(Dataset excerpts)

....................

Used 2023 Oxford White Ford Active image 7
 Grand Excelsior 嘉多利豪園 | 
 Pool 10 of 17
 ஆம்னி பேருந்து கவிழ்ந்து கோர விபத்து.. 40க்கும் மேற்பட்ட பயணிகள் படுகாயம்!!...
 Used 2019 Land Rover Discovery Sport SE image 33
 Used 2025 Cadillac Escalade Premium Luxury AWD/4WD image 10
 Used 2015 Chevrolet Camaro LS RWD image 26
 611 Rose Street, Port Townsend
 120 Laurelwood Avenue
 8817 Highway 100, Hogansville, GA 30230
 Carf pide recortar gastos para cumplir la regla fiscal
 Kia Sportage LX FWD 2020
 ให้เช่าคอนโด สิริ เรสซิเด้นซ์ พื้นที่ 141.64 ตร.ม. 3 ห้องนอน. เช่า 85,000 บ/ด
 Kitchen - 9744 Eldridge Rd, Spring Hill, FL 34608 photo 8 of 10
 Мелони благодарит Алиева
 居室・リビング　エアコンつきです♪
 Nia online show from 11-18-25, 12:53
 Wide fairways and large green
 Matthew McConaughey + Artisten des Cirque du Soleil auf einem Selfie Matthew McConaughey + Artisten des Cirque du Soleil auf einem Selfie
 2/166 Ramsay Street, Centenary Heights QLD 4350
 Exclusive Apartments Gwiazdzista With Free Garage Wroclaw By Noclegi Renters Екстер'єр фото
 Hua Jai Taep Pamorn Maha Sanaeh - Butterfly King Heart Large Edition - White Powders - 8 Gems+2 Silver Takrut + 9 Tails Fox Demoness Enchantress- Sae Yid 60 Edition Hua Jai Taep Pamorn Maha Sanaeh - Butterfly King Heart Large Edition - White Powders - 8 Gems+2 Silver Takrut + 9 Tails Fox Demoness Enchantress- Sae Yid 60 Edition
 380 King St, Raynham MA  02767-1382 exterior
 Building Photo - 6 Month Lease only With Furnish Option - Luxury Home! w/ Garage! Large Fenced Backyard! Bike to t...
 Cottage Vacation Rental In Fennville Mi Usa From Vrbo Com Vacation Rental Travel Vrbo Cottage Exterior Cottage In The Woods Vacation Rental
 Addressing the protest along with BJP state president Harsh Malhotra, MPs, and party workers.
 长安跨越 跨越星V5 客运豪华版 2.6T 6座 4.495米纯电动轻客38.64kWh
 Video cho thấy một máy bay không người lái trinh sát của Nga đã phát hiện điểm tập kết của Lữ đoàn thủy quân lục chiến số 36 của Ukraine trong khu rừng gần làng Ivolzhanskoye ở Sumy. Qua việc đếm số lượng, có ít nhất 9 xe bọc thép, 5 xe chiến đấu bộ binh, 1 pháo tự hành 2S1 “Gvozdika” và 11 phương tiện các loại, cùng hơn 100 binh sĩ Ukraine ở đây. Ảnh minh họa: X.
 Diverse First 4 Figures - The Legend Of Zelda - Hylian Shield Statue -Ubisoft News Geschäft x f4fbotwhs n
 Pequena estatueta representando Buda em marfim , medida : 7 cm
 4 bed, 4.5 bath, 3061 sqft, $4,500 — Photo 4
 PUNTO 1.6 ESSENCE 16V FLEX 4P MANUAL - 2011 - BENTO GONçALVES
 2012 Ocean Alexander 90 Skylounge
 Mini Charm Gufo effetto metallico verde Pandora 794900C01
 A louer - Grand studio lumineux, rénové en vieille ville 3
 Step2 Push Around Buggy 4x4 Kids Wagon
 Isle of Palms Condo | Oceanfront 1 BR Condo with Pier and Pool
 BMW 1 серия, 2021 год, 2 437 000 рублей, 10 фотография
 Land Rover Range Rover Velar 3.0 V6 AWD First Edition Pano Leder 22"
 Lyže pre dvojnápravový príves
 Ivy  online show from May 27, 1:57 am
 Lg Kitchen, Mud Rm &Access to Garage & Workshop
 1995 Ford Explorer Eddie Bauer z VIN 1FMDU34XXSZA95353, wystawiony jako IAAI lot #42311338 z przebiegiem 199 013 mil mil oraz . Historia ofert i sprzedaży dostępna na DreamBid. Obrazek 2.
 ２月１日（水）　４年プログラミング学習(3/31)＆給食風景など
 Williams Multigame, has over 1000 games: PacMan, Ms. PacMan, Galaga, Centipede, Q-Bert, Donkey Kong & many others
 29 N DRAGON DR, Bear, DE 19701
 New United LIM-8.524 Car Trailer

....................

:: WHAT YOU WILL DO ::
Copy, please, every line from the start of the entries down to the line that holds "120 Laurelwood Avenue", with both of those lines included and no others.

:: ANSWER TO THIS EXERCISE ::
Used 2023 Oxford White Ford Active image 7
 Grand Excelsior 嘉多利豪園 | 
 Pool 10 of 17
 ஆம்னி பேருந்து கவிழ்ந்து கோர விபத்து.. 40க்கும் மேற்பட்ட பயணிகள் படுகாயம்!!...
 Used 2019 Land Rover Discovery Sport SE image 33
 Used 2025 Cadillac Escalade Premium Luxury AWD/4WD image 10
 Used 2015 Chevrolet Camaro LS RWD image 26
 611 Rose Street, Port Townsend
 120 Laurelwood Avenue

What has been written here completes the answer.